Sheen has always maintained that he never legally changed his name and is still proud of his Hispanic heritage, but the change was necessary for a man with a distinctly foreign name and no formal acting training in the early 1960s. He joined some experimental acting troupes, performing custodial duties while working as an understudy until his first roles started coming in. In 1964, the actor co-starred in the Broadway play "The Subject Was Roses" and also appeared in its film adaptation. Both performances earned award nominations, and the struggling career of Mr. Estévez-turned-Sheen was taking off.

He feuded with his father over acting

The relationship between Martin Sheen and his father was complicated, and not just because the actor relinquished the family name for his professional life. Though they struggled for money, Francisco Estévez set aside money every month so that his son Ramón could one day attend the University of Dayton, along with many others from the family (via the University of Dayton). Sheen had his heart set on acting and purposely failed the entrance exam so he could claim that college was not for him. Francisco never supported his son's acting career, and it took a movie screening at the local drive-in theater for him to even watch his son perform (via IMDb). Sheen would later accept an honorary degree from the University of Dayton out of respect to his father.

Meanwhile, Sheen's acting career would steadily grow. After a handful of guest appearances on television shows throughout the 1960s, he began to net roles in films. Most notably, he earned a lead role in acclaimed director Terrence Malick's debut "Badlands." An Emmy-nominated performance in "The Execution of Private Slovik" caught the eye of Francis Ford Coppola, who was planning to adapt the novel "Heart of Darkness" as a Vietnam War movie. Thus would begin one of the most iconic roles in Sheen's considerable career, and one of the darkest chapters of his life.

Apocalypse Now was a nightmare for Sheen

"Apocalypse Now" is a legendary, unflinching movie that combines the somber themes of "Heart of Darkness" with the plight of those affected by the Vietnam War. Martin Sheen was offered the lead part — though he was not Francis Ford Coppola's first choice — of Captain Willard, a young officer tasked with the special mission to sail deep into the Vietnamese jungle and kill a rogue officer, played by Marlon Brando (via Brief Biographies). The process of filming the movie was a notorious, well-documented nightmare for the cast and crew. Brando arrived distinctly overweight, and Sheen was in no better shape, struggling with alcohol abuse.

According to The Daily Telegraph, the film's opening scene, where Willard destroys his Saigon hotel room in a fit of drunken rage, was shot when Sheen turned up to set that drunk on his 36th birthday. His heavy drinking and woeful filming conditions likely contributed to the heart attack he suffered, stranded alone in the middle of the jungle.

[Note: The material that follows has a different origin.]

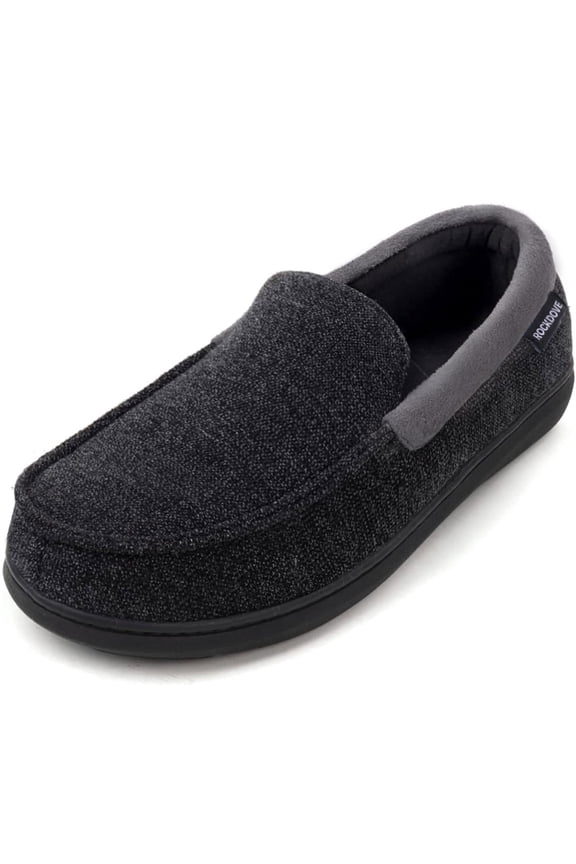 Men's Liam Jersey Knit Moc Slipper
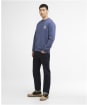 Men's Barbour International Talisman Graphic Sweatshirt - Oceana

Sheen had to crawl for a mile to get help and eventually recovered to continue filming a few weeks later. The harrowing experience saw Sheen vow to change his ways.

His children have gone through tragedy as well

Martin Sheen's three sons — Ramón Luis Estévez, Emilio Estévez, and Charlie Sheen, along with sister Renee Estévez — have all had acting careers of their own, with Charlie and Emilio having the highest profiles. According to The Guardian, Charlie Sheen was once one of the highest-paid actors on the planet for his starring role on the hit sitcom "Two and a Half Men" before a highly-publicized meltdown in 2011 saw him spiral into his drug and alcohol abuse while getting fired from his most notable role. Martin Sheen, who had since had a memorable stint as the honorable president Josiah Bartlet on "The West Wing," underwent counseling as he dealt with his son's drug problems, which weren't unlike his own issues back in the '70s.

While Martin was able to recover himself after the rock bottom of his heart attack at the age of 36, his son Charlie has struggled to recover from his vices. While he doesn't dominate the headlines as much as he used to a decade ago, whenever Charlie ever does make the news — like for sexual assault allegations against him — it is rarely positive (via Consequence Film).

Martin Sheen has stuck with his activist values

After his alcohol and drug-fueled half-decade, Martin Sheen's return to Catholicism saw the actor return to activist values. Sheen has protested the Iraq War, political oppression in Central America, the death penalty, abuses by the Israeli Army, and engaged in more pacifist and liberal causes (via The Progressive). His dedication to nonviolent civil disobedience has followed him throughout his career, leading to over 70 arrests throughout his life, according to IMDb.

Sheen has had a long and illustrious career in film and television, with iconic roles under his belt that show his impressive rise from having to pick a Caucasian-sounding name just to find some work. After a difficult childhood and battle with drug abuse, Sheen was able to overcome his vices and stick to his pacifist values throughout his career. However, he now has to deal with his son going through the same issues with drinking and drugs as he once did, with no sight of Charlie's problems letting up.